Freshmen and seniors at about 200 colleges across the U.S. take a little-known test every year to measure how much better they get at learning to think. The results are discouraging. From a report: At more than half of schools, at least a third of seniors were unable to make a cohesive argument, assess the quality of evidence in a document or interpret data in a table (Editor's note: the link might be paywalled; alternative source), The Wall Street Journal found after reviewing the latest results from dozens of public colleges and universities that gave the exam between 2013 and 2016. At some of the most prestigious flagship universities, test results indicate the average graduate shows little or no improvement in critical thinking over four years. Some of the biggest gains occur at smaller colleges where students are less accomplished at arrival but soak up a rigorous, interdisciplinary curriculum.

2 of 203 comments (clear)

  1. Re:Almost by magarity · · Score: 3, Interesting

    Translation: The quality of the bachelors degree is defined by the fact that it is now the new high school diploma.

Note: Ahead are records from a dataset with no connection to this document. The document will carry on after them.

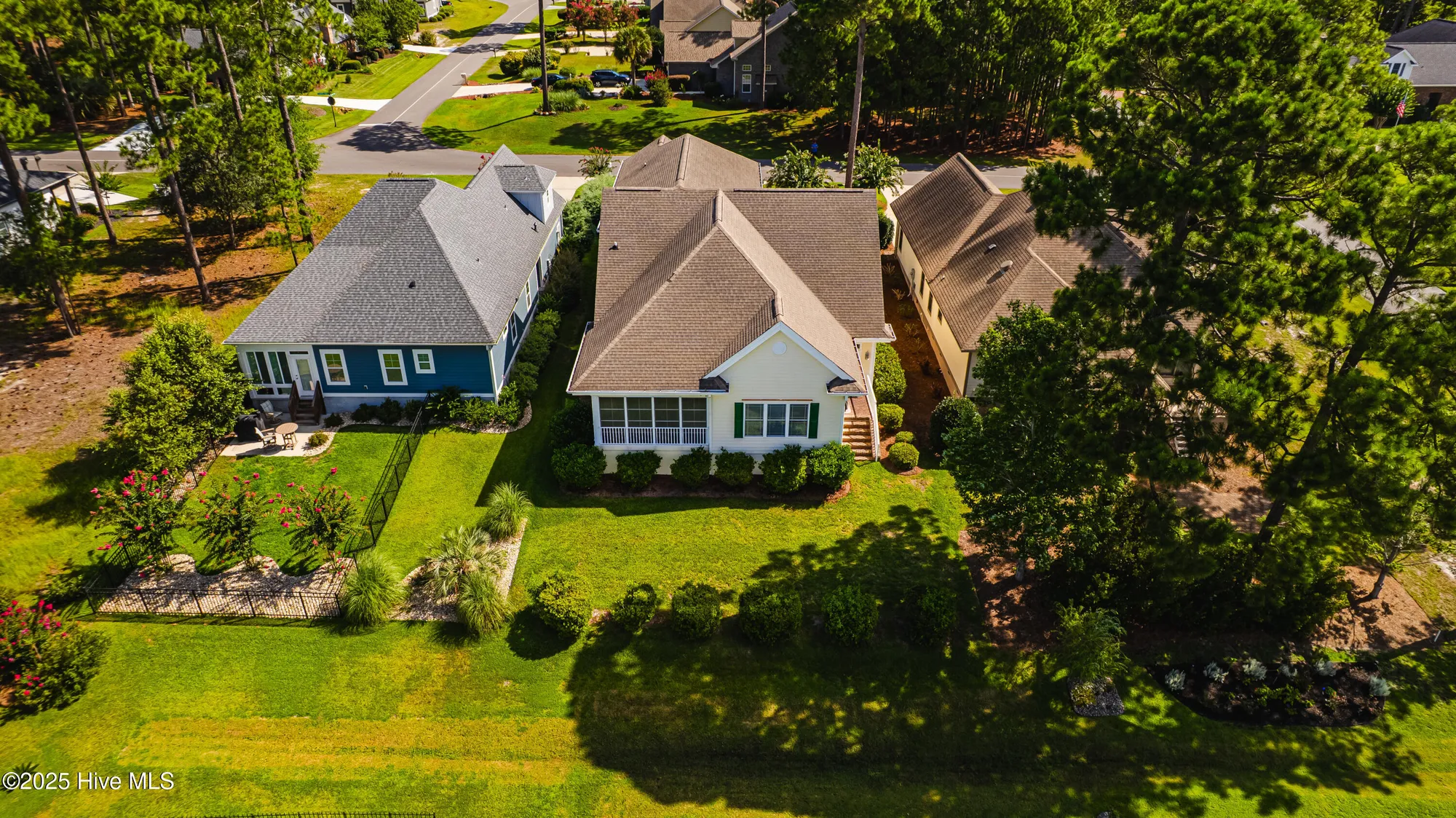 Property Slideshow image 41 of 52 | 602 planters ridge dr, Sunset Beach, NC, 28468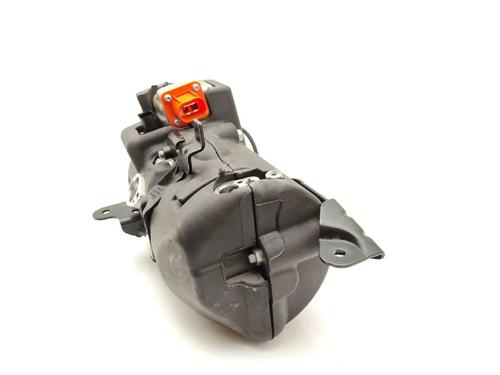 Used AC compressor PORSCHE TAYCAN Cross Turismo (Y1B) 4 (Y1BBD1) (476 hp) 28924153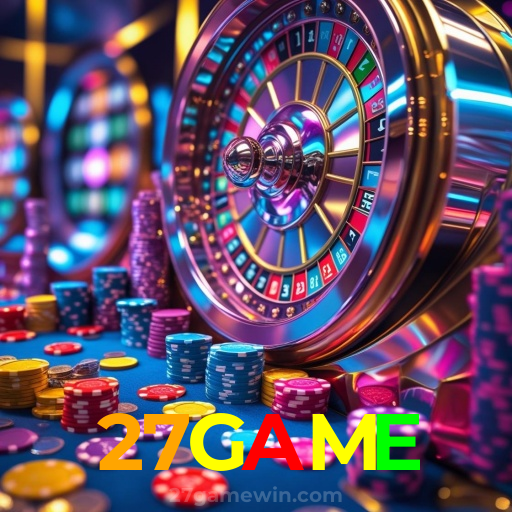 27GAME:As melhores slots com grandes vitórias te aguardam! Jogue agora!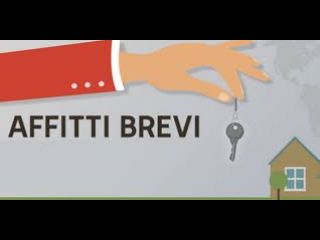 Affitti Brevi Per Aziende e Trasfertisti , Torbole Casaglia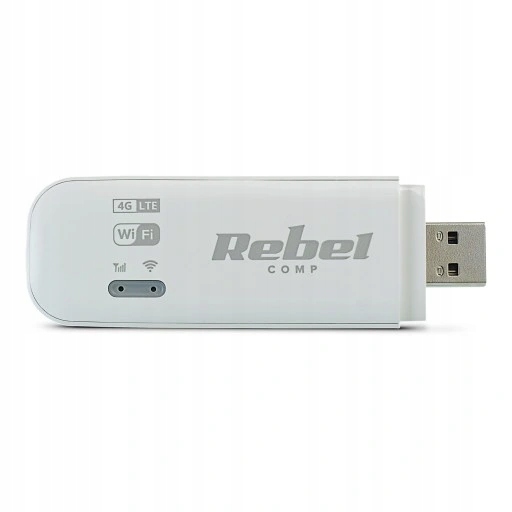 Router Modem Sim 4G Lte Do Samochodu Android Auto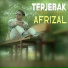 Afrizal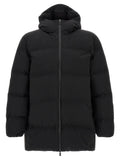 Herno New Impact Down Jacket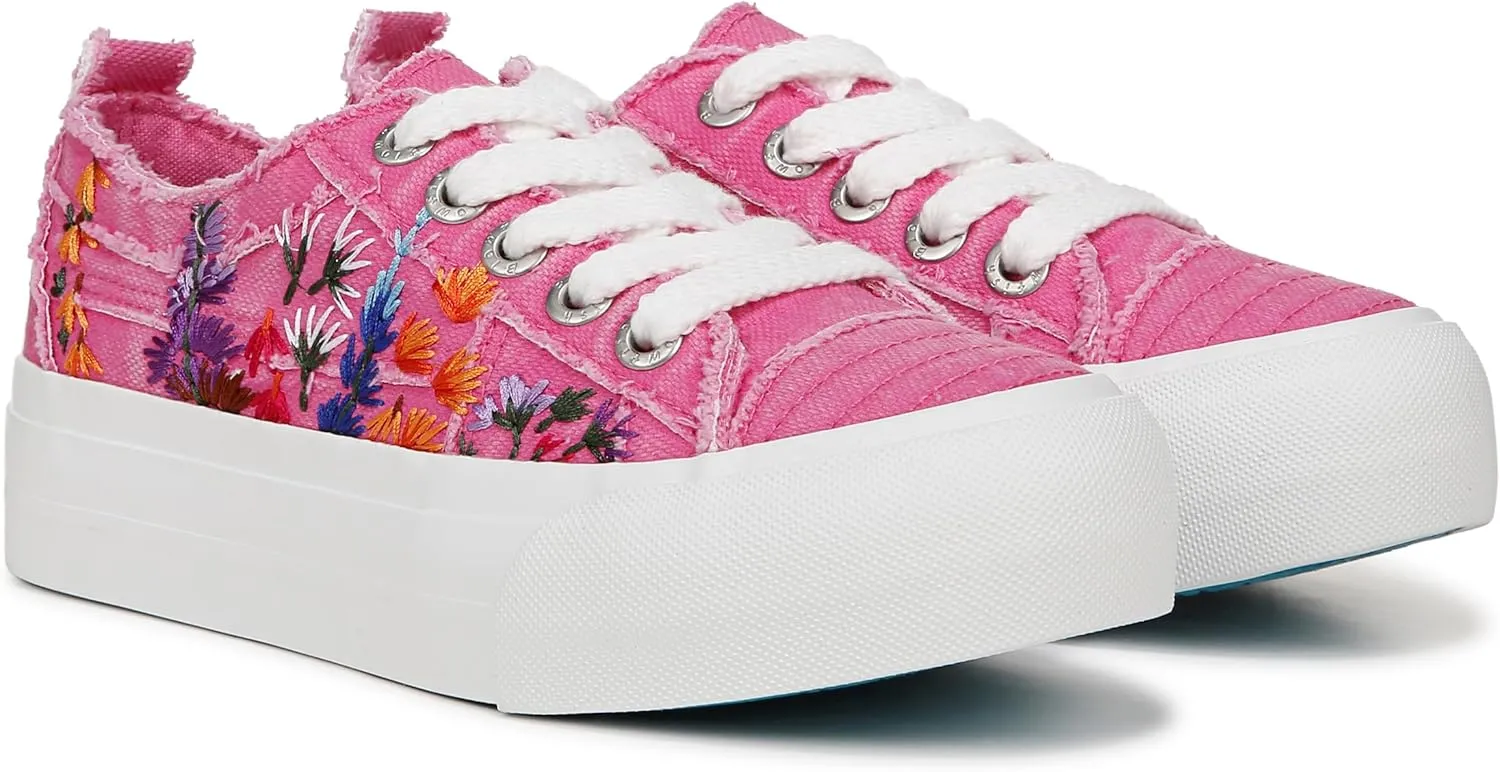 Blowfish Malibu womens Sadie Sun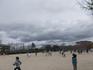 DSCN9583.jpg
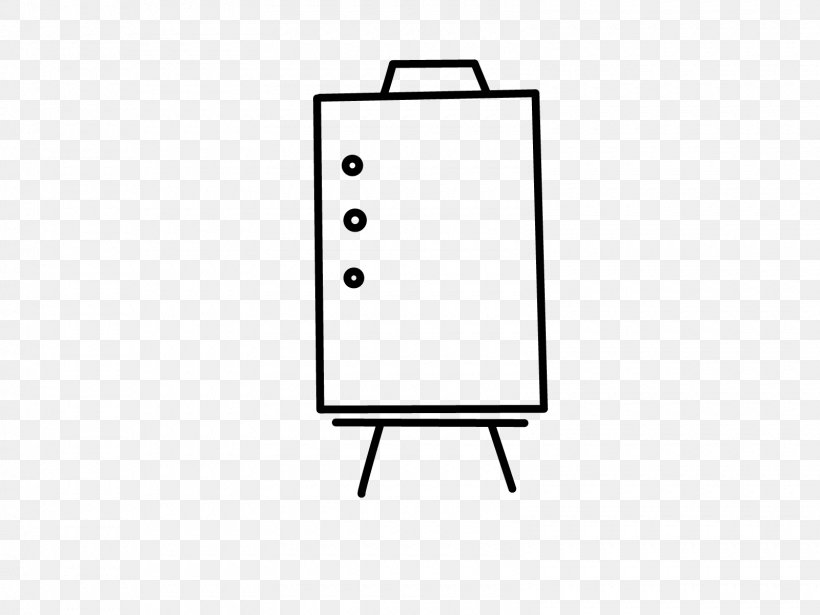 Flip Chart Drawing Sketch, PNG, 1600x1200px, Flip Chart, Area, Art, Black And White, Chart Download Free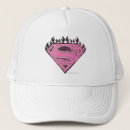 Suche nach kryptonite kappen Linda danvers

    Oh, you wanted a quality education instead of just a piece of paper to hang on the wall? Then shell out another $100K for the masters degree.

    Gotta love capitalism.

    It's the exact opposite of capitalism on display. The federal government has thrown so much (taxpayer) money at almost any student who asks for it that the colleges have dumbed down to be able to accept and pass them all in order to grab all the subsidy money.

  2. Re:It's by design by argStyopa · · Score: 1, Interesting

    Been to a college class lately?

    I sometimes wonder how interesting it would be to 'audit' some of the freshman level sociology and 'soapbox' courses as an adult student, so that the teachers wouldn't have exclusive access to these earnest little tabula-rasa sponges to deliver their anti-white, anti-western, anti-male screed unobjected. I have to imagine they wouldn't like having another adult in the room (especially one not inclined to their flavor of kool aide) at ALL.

    Then I realized that
    1) raising ANY objections, no matter how carefully justified and logical, would simply cater to their message (look, the old white male doesn't want me teaching you this) and, more importantly
    2) I simply don't give that much of a shit.

    I still may do it just for entertainment, once I'm retired - many local colleges let seniors audit courses for free.